Fusion welding methods, chiefly gas, arc, and resistance, are the most widely used and are less restrictive as to the materials that can be joined. Diffusion welding is employed primarily to join high-strength materials.

Arc welding: In arc welding, an arc between an electrode and the workpiece generates heat. Shielding the molten weld metal from the atmosphere with gases fed in or generated by the weld reaction is often critical. Unwanted gases react with the molten metal to cause strength-reducing oxides and inclusions within the weld. Arc-welding processes vary mainly in the way the weld is shielded and the methods of applying filler material.

Shielded-metal arc welding (SMAW): This form of welding, also called stick welding, is usually done manually, with the welder feeding a consumable, coated electrode in the work area. The flux coating provides arc stabilizers; gases to displace air; metal; and slag to protect, support, and insulate the weld metal. Many electrode and flux coatings are available and are matched to type, size, and position of the material welded.

SMAW is suitable for portable applications. Labor and material costs are high, but its simplicity and versatility make it the most commonly used welding process.

Gas-metal arc welding (GMAW): This process generates an arc between a consumable electrode wire and the workpiece. Shielding is provided by gas that flows over the weld area from the welding gun. Combinations of shielding gas, power source, and electrode significantly affect metal transfer across the arc. A variety of gases are used, depending on the metals reactivity and the joint design. For example, argon is used most often, though carbon dioxide is added when welding ferrous metals. Carbon dioxide is sometimes used alone to shield steels. GMAW processes are fast, can be automated, and work in all positions.

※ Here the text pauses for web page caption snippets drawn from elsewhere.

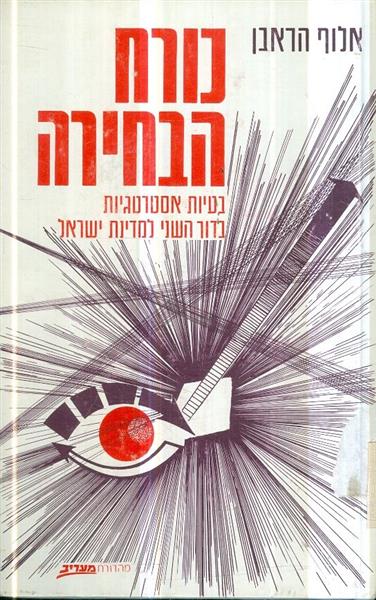 כורח הבחירה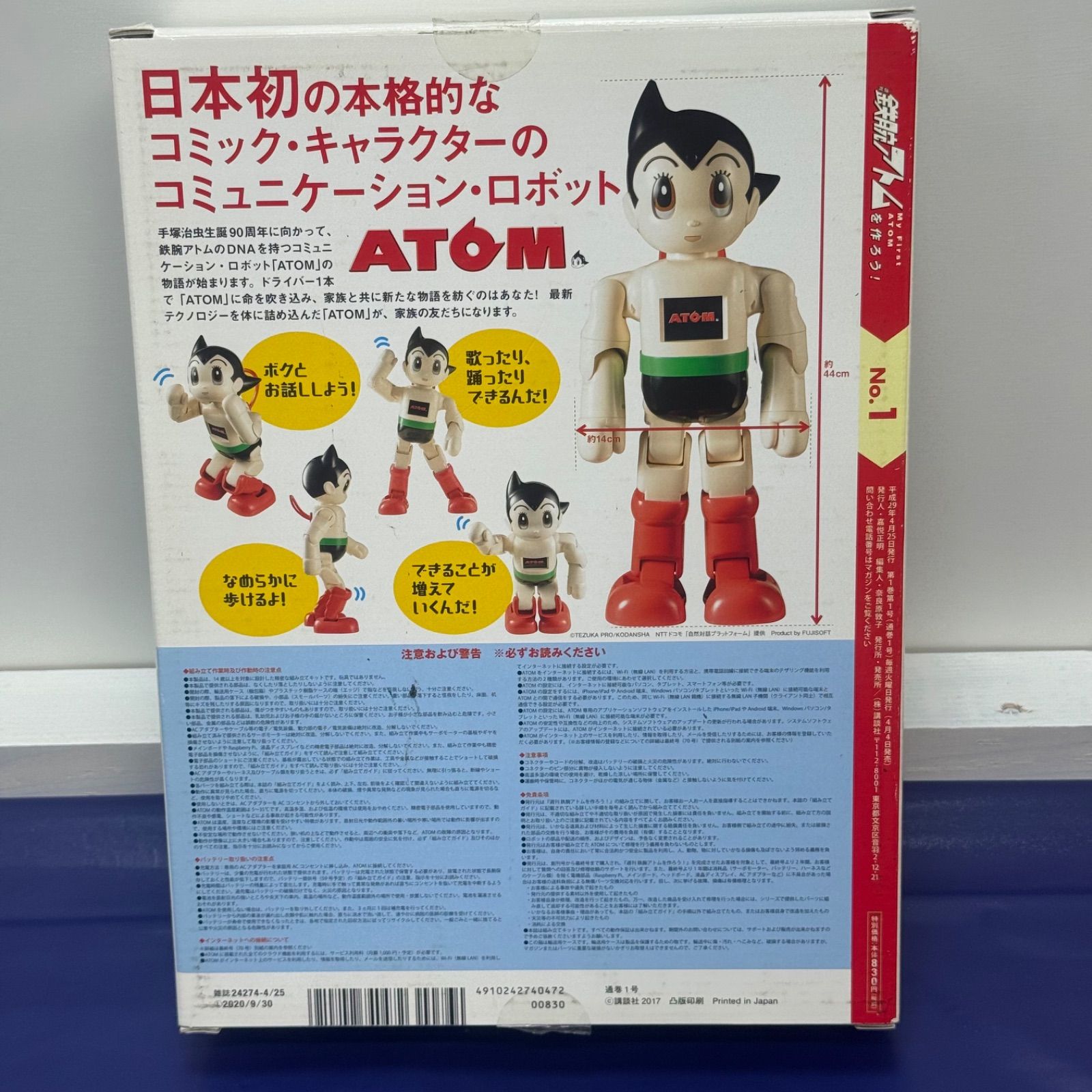 希少！】鉄腕アトム AIロボット 講談社 週間鉄腕アトムを作ろう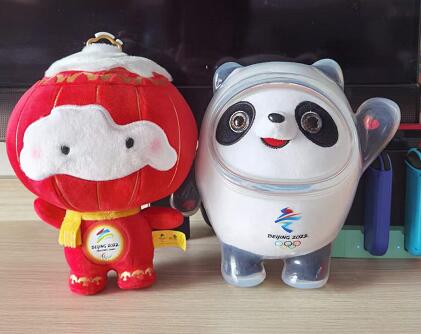 Fertilizerline's tweet photo. #Beijing2022 https://t.co/daRMsHy6Cw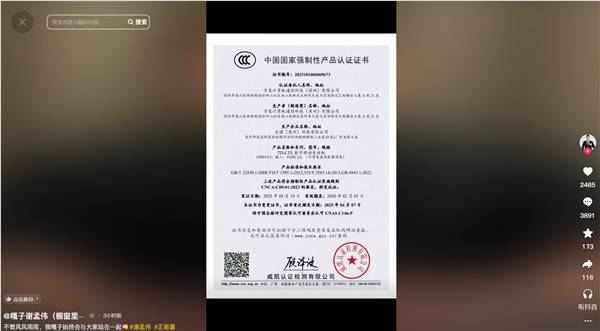 嘎子哥展示所售手机资质报告 此前酷派客服确认为正品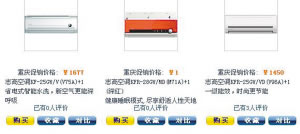 商場網(wǎng)站標(biāo)價1元賣空調(diào)后反悔消費(fèi)者欲起訴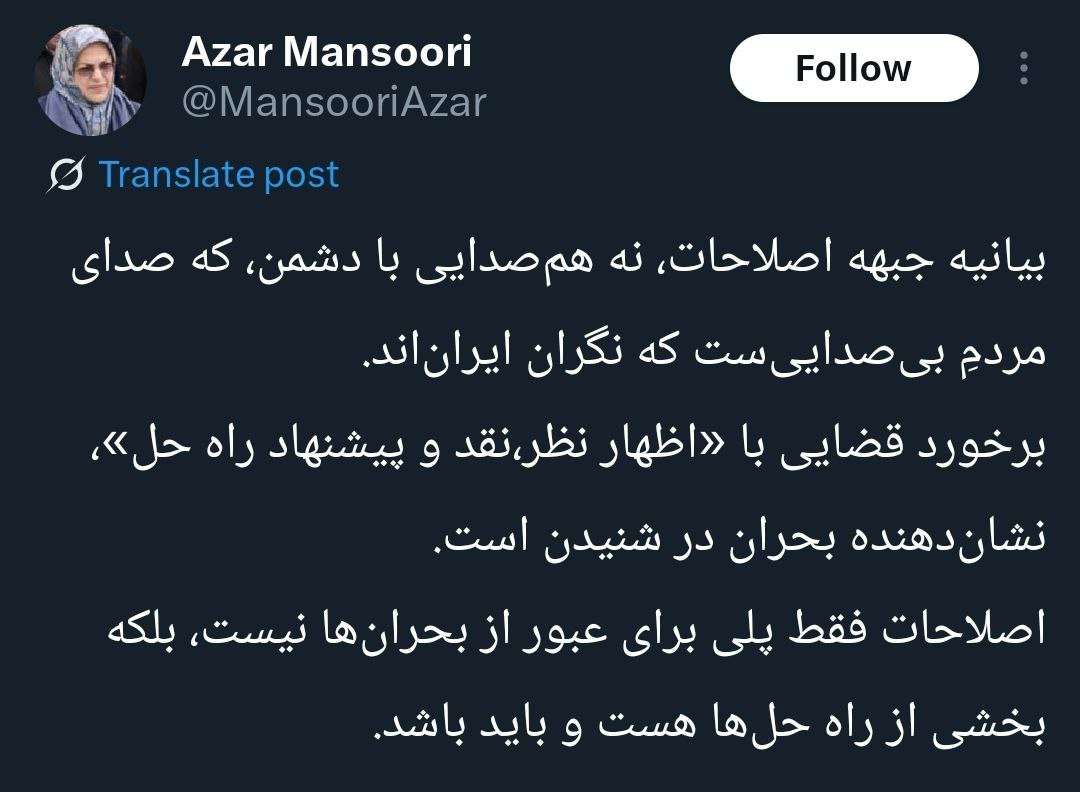 عصر کرد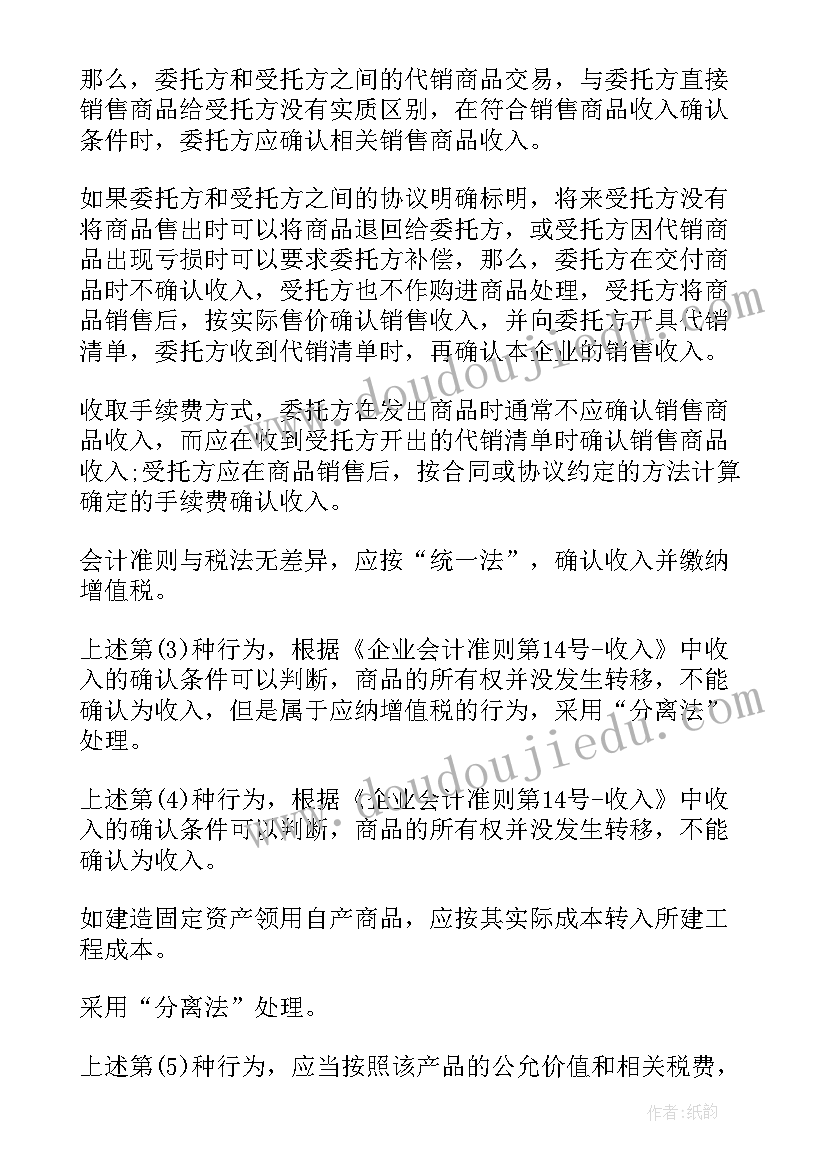 最新实验报告论文格式 大专论文格式(精选6篇)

Flux-core arc welding (FCAW): This process is very similar to gas-metal arc welding. Weld heat is produced from an arc between the work and a continuously fed filler-metal electrode. The electrode is hollow with flux in the core. The core may provide shielding gases, deoxidizers, and slag-forming materials. In some cases, materials may be added to promote arc stability, enhance weld-metal properties, and improve weld contour. FCAW is used only on ferrous metals, chiefly mild and low-alloy steels. Some FCAW electrodes are self-shielding, but others require an external shielding gas, usually carbon dioxide, supplied through a nozzle. This process works in all positions, producing a fast, clean weld. Both GMAW and FCAW are sometimes referred to as MIG welding. They require less skill than SMAW.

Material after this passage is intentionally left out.